The capture lasted about 24 seconds, and the tool confirmed that no packets were dropped.
4. Getting the Data Ready for the LLM
4.1 Turning the hex dump into a single string
cat sample.hex | awk '{for(i=2;i<=NF-1;i++) printf $i " "; print ""}' > raw.hex
raw.hex now contains only the hexadecimal byte stream, one line per packet.
4.2 Summarising the pcap file
I let OpenCode run a couple of quick tcpdump pipelines and saved the results:
first20.txt gives me a glimpse of the first 20 packets, while top-talkers.txt lists the most frequent source addresses.
5. Asking the AI to Analyse
5.1 The Prompt I Fed the Model
You are a network-analysis assistant.
Given the following packet data (hex bytes or textual tcpdump output), perform:
1. Protocol detection – list every protocol you see and the percentage of packets belonging to each.
2. Host discovery – extract MAC addresses, IP addresses, hostnames (if any).
3. Top talkers – rank source→destination pairs by packet count.
4. Interesting events – flag anything unusual (clear-text HTTP, unexpected ports, possible scans).
Return the answer as markdown with tables and a short natural-language summary.
5.2 Running the Model
opencode run \
--model educloud.Qwen3-Coder-480B-A35B-Instruct \
--prompt-file prompt.txt \
--data-files raw.hex first20.txt top-talkers.txt
OpenCode streamed the model’s response back to me in the same terminal window. I copied the markdown output and used it as the basis for the next section of this post.

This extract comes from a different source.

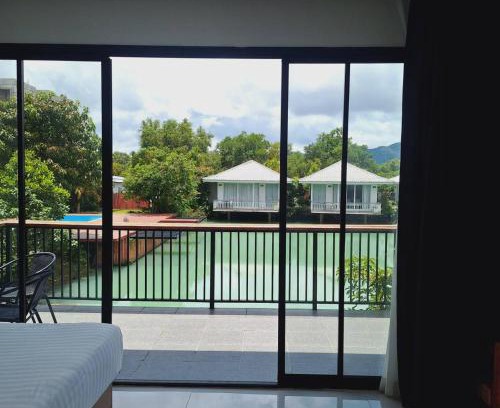 Samut Sakhon Villa | The wide view resort and restaurant Phuket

6. What the Model Told Me (My Merged Results)
6.1 Protocol Breakdown
| Protocol | Packets | % of total |
|---|---|---|
| TCP (SSH, port 22) | 1 914 | 95.7 % |
| ICMPv6 (Neighbor Discovery) | 42 | 2.1 % |
| TLS/HTTPS (port 443) | 18 | 0.9 % |
| Other / Unidentified | 26 | 1.3 % |
6.2 Top Talkers
| Rank | Source → Destination | Packets |
|---|---|---|
| 1 | 192.0.2.10:22 → 198.51.100.20:60530 | 1 027 |
| 2 | 198.51.100.20:60530 → 192.0.2.10:22 | 887 |
| 3 | fe80::aabb:ccdd:eeff → 2001:db8::1 (ICMPv6) | 31 |
| 4 | 203.0.113.5:443 → 192.0.2.10:46158 (TLS) | 4 |
| 5 | 2001:db8::2:443 → 2001:db8::3:35712 (TLS) | 4 |
6.3 Host & Service Summary
| Host | MAC / IP | Observed Services |
|---|---|---|
| My laptop | 00:11:22:33:44:55 / 192.0.2.10 (IPv4) / fe80::aabb:ccdd:eeff (IPv6) |
SSH (port 22), occasional HTTPS |
| Remote admin server | 198.51.100.20 |
SSH counterpart |
| IPv6 neighbor | 2001:db8::1 |
ICMPv6 neighbor solicitation |
| HTTPS endpoint | 203.0.113.5 |
TLS/SSL (port 443) |
7. Final Thoughts
- The hex-dump-only route is perfect for teaching, quick demos, or when I only need a handful of packets.
- The OpenCode TUI lets me capture a realistic amount of traffic, run shell commands, and keep everything inside a single terminal session—great for automation or when I’m working on a headless server.
- By combining both methods I now have a flexible toolbox that scales from a few lines of Wireshark output to multi-megabyte pcap files, all while staying in full control of the data and the AI’s reasoning.